Perhaps every leap year is considered like a "Safek" (ספק) of which Adar is the primary Adar. Therefore we will be lenient when it comes to fasting to only fast on that month that we consider in halacha the primary one. This idea can be on a Yerushalmi on why we don't fast 2 days Yom Kippur because of a ספיקא דיומא (see Rem"a hilchos Yom Kippur siman 624).

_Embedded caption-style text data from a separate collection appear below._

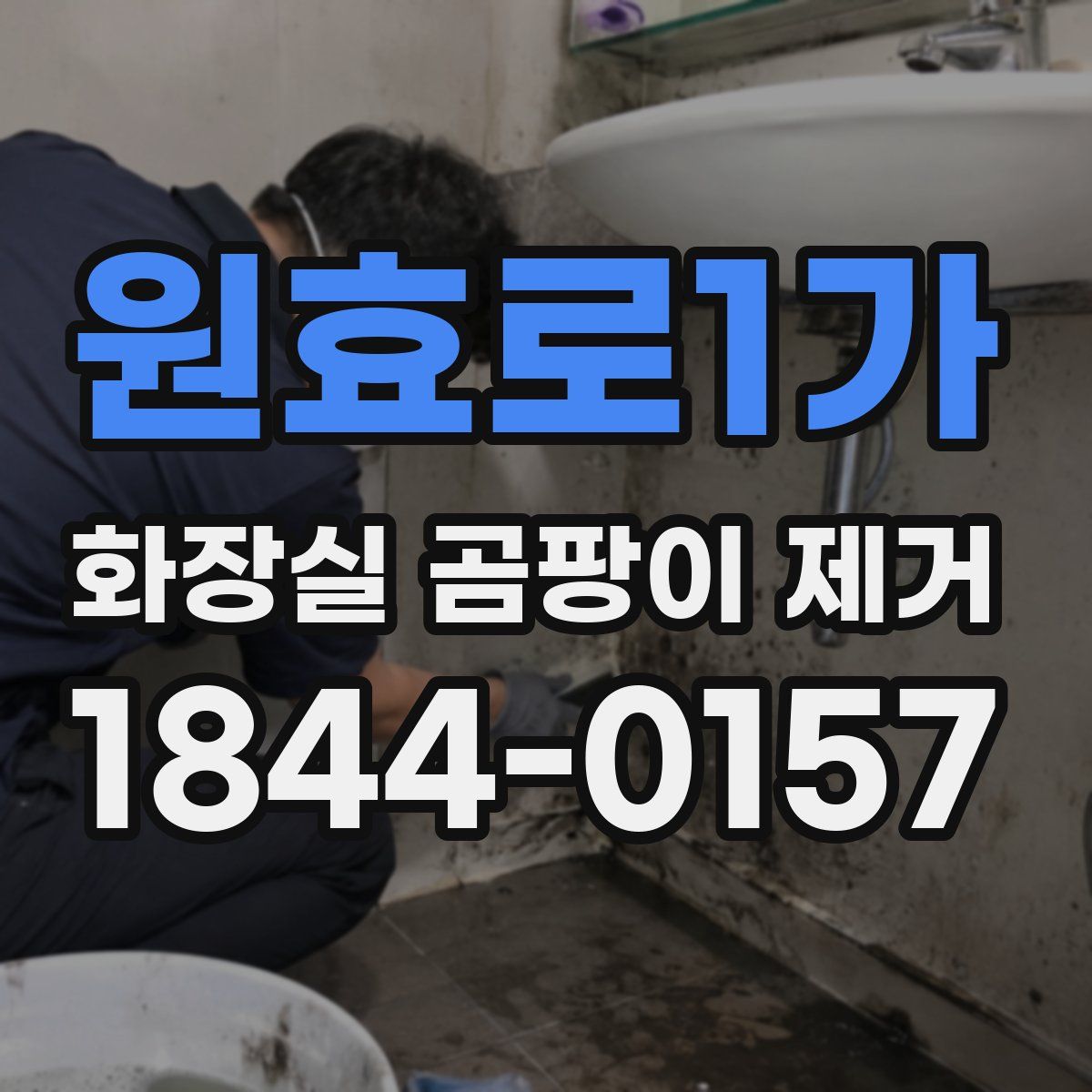 원효로1가 화장실 곰팡이 제거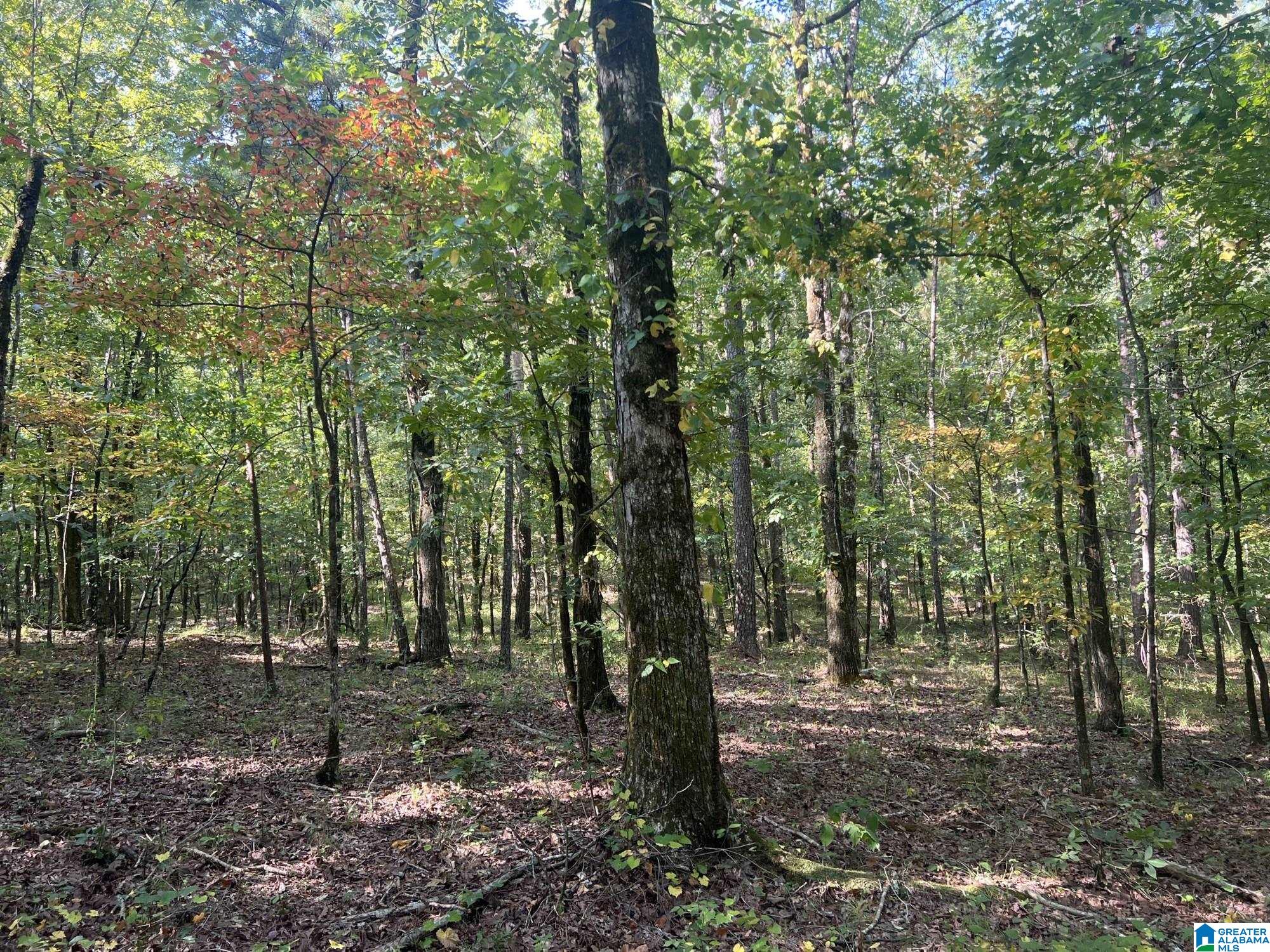 0 County Road 95 Montevallo, AL 35115 - Photo 1 of 10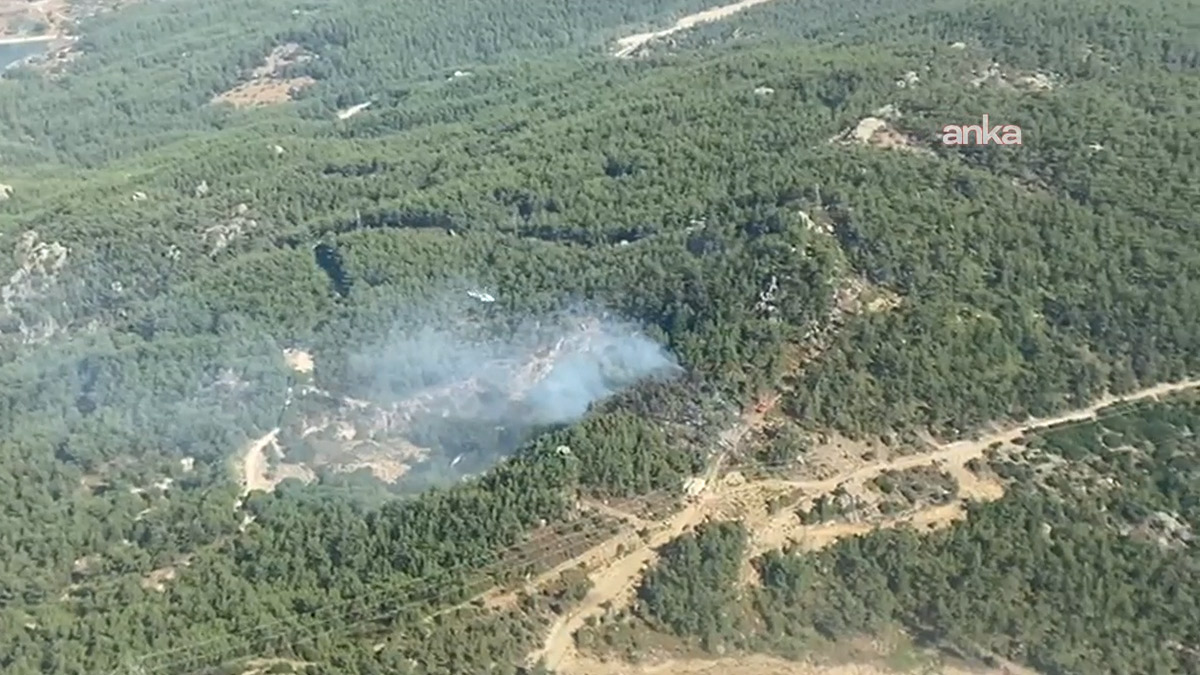 Milas'ta orman yangını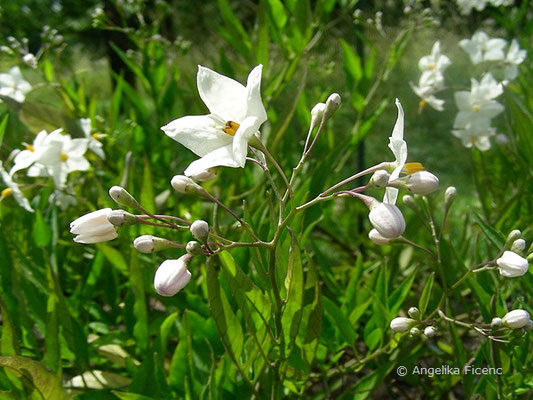 Solanum jasminoides -  Jasmin-Nachtschatten  © Mag. Angelika Ficenc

  • The case of yom kippur is two adjacent days which isn't relevant here. Can you provide any indication that a leap year is considered a safek? I've never heard that before and strongly doubt its veracity.
    – Double AA
    Mar 17, 2023 at 15:59
  • according to the the great Gaon of Ostrovtze (Rav Meir Yecheil Halevi Halshtuck z"l) his understanding of the Yerushalmi above is relevant my comparison to Tannis Esther (check this link (hebrewbooks.org/pdfpager.aspx?req=40970&st=&pgnum=115) to see his a beautiful and novel approach to this Yerushalmi). I considered it a safek based on the fact that there is a dispute in the Gemara Megilla 6b determining the primary Adar.. Mar 17, 2023 at 16:59
  • The gemara does not debate which adar is primary, but rather in which adar's purim do we perform certain mitzvot. Additionally, the fact that there is a debate in the gemara about something does not automatically make it a safek.